Building on the work of Parasie and Dagiral (2013), Gynnild (2014), and Stavelin (2014) to delineate differences between these practices, this study is an attempt to develop a typology for analyzing forms within this quantitative area of journalism. It examines three professional practices—CAR, data journalism, and computational journalism—along four professional and epistemological dimensions. The analysis will begin with a brief discussion of the cultural background against which these practices are operating, then proceed with an introduction to the three practices, and finally an evaluation of each practice against each of the four dimensions.
Open-source Culture
These new forms of journalistic practice are emerging within an increasing interaction between programmers and journalists, as more programmers have begun to move into professional newsrooms and professional journalists have become increasingly drawn to programming’s technical capabilities and cultural norms, which have been heavily influenced by the open-source movement.
The term “open source” as a technological principle was born in the late 1990s as a more palatable and widely accessible offshoot of the free software movement. Both movements focused on the ability to freely access, modify, and redistribute software as a manifestation of the universal right to access to information and knowledge (Coleman 2013; Kelty 2008). While open-source is intrinsically oriented not toward journalism but toward software, Lewis and Usher (2013) explained its application to journalism through four principles: transparency, iteration, tinkering, and participation. Each of those principles arises from the process of collaboratively building and sharing software, the practice at the core of the open-source software movement. And as Lewis and Usher explained, each is gradually becoming more prevalent within professional journalistic culture as a small subset of more computing-oriented journalists are drawn to the open-source ideals of creativity, experimentation, and liberation of information. In this way, the principles of open source have been an important common ground for bringing together “hacks” (journalists) and “hackers” (technologists).
Data-driven Journalism Practices
The three journalistic practices examined here are not mutually exclusive. Since they have very similar professional and epistemological roots, they will inevitably overlap, in some cases significantly. Actual cases of these practices will often display characteristics of more than one of these categories, as well as the marks of open-source principles. Key institutions have been involved in the perpetuation of more than one of these practices; for example, the National Institute for Computer-Assisted Reporting (NICAR) was the central organization in computer-assisted reporting during the 1990s and is now a central organization in connecting and training those who practice data journalism (Fink and Anderson 2014). In addition, many of the journalists who engage in these practices themselves tend to emphasize their continuity; data journalists generally characterize themselves as following in the same tradition as CAR. But there are significant differences between these forms of practice, and the following is an attempt to pull them apart and clarify them conceptually. This paper relies heavily on research into these practices within the United States and Scandinavia, since those have been the most thoroughly studied geographical settings for this work. It thus broadly describes the forms as they are generally practiced in those environments, though national and local variations certainly exist, both within these areas and outside them.

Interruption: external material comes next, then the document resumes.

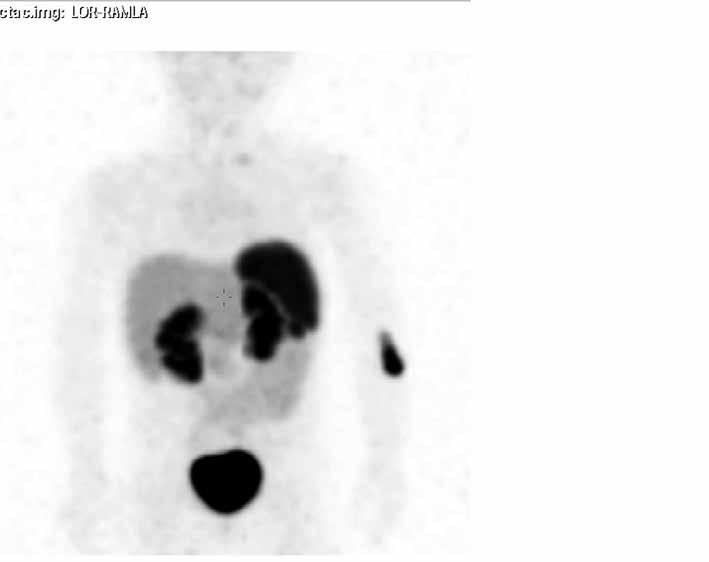 KUVA 3. Kahden vuoden ja kuukauden ikäinen potilas, jolla on tason IV neuroblastooma. Emokasvain oli oikeassa lisämunuaisessa ja kasvoi maksan kapselin läpi.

Computer-assisted Reporting
Though the use of computers in journalism dates back to the 1950s (Cox 2000), the de facto godfather of CAR is Philip Meyer, who outlined a new form called precision journalism in a book of the same name (Meyer 1973). Precision journalism was modeled after social science, using empirical methods (particularly surveys and content analysis) and statistical analysis to achieve more definitive answers to journalistic questions. It was not until the late 1980s and early 1990s that precision journalism, since recast as CAR, began to make significant inroads into newsrooms, led by several high-profile, Pulitzer Prize-winning stories that became an important vehicle for professional validation (Houston 1996).

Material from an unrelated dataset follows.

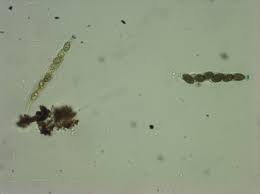 Attēlu rezultāti vaicājumam “Melanospora lagenaria”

CAR became closely tied to investigative reporting, often being seen as an auxiliary tool to aid in long-term, public-affairs journalism projects (Cox 2000; Gynnild 2014; Parasie and Dagiral 2013). Though CAR journalists often fought against the perception that their practices were only for time-consuming investigative story packages—an association that may ultimately have limited CAR’s adoption within professional journalism (Gynnild 2014), they also encouraged it at times, characterizing it as, in the words of one CAR pioneer, “the new investigative journalism” (Jaspin 1993). The term CAR has fallen out of favor since the early 2000s as its technology has broadly diffused throughout newsrooms; Meyer himself called in 1999 for the moniker to be retired, describing it as an “embarrassing reminder that we are entering the 21st century as the only profession in which computer users feel the need to call attention to ourselves” (Meyer 1999, 4). Meyer’s call ultimately went unheeded, as CAR continues to be practiced in journalism, though it appears to be invoked more often as a historical mode of quantitative journalism than a contemporary practice. A comparison between CAR and data journalism or computational journalism, as this paper undertakes, is thus a characterization more of change in practice over time than a comparison of contemporaneous practices.

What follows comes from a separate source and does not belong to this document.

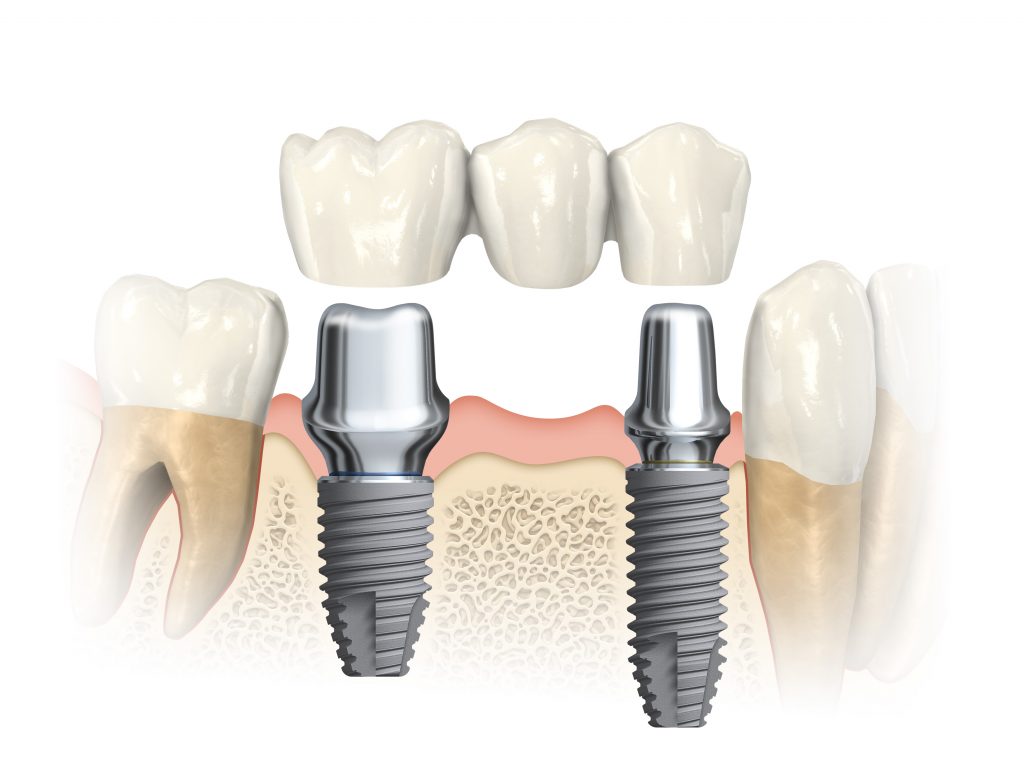 danties implantavimas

While CAR had its roots in social science-based statistical methods, it came to embody two sets of practices: the data gathering and statistical analysis descended from Meyer’s precision journalism, and more general computer-based information-gathering skills such as online and archival research and even email interviews (Miller 1998; Yarnall et al. 2008). The more general information-gathering skills have become so elemental a part of journalistic work that they can no longer be considered, in Powers’ (2011) terms, “technologically specific work,” though the statistical- and data-oriented forms of CAR remain such because of their relative lack of diffusion. This is the form of CAR that this paper refers to with the term, and the one that serves as the foundation for the modern approaches of data journalism and computational journalism (Gynnild 2014).
Data Journalism
Sometimes referred to as data-driven journalism, data journalism seems to have taken up the mantle of CAR in contemporary professional journalism. Though it is less preferred by scholars, data journalism appears to be the term of choice in the news industry for journalism based on data analysis and the presentation of such analysis (though note the ambivalence toward the term found by Appelgren and Nygren 2014). Professional definitions have tended to be broad, characterizing data journalism as essentially any activity that deals with data in conjunction with journalistic reporting and editing or toward journalistic ends, as in Stray’s (2011) definition of data journalism as “obtaining, reporting on, curating and publishing data in the public interest.” Several others have defined data journalism in terms of its convergence between several disparate fields and practices, characterizing it as a hybrid form that encompasses statistical analysis, computer science, visualization and web design, and reporting (Bell 2012; Bradshaw 2010; Thibodeaux 2011). Data journalism has also been closely associated with the use and proliferation of open data and open-source tools to analyze and display that data (Gynnild 2014), though open data is not necessarily or exclusively a part of its domain of practice (Parasie and Dagiral 2013).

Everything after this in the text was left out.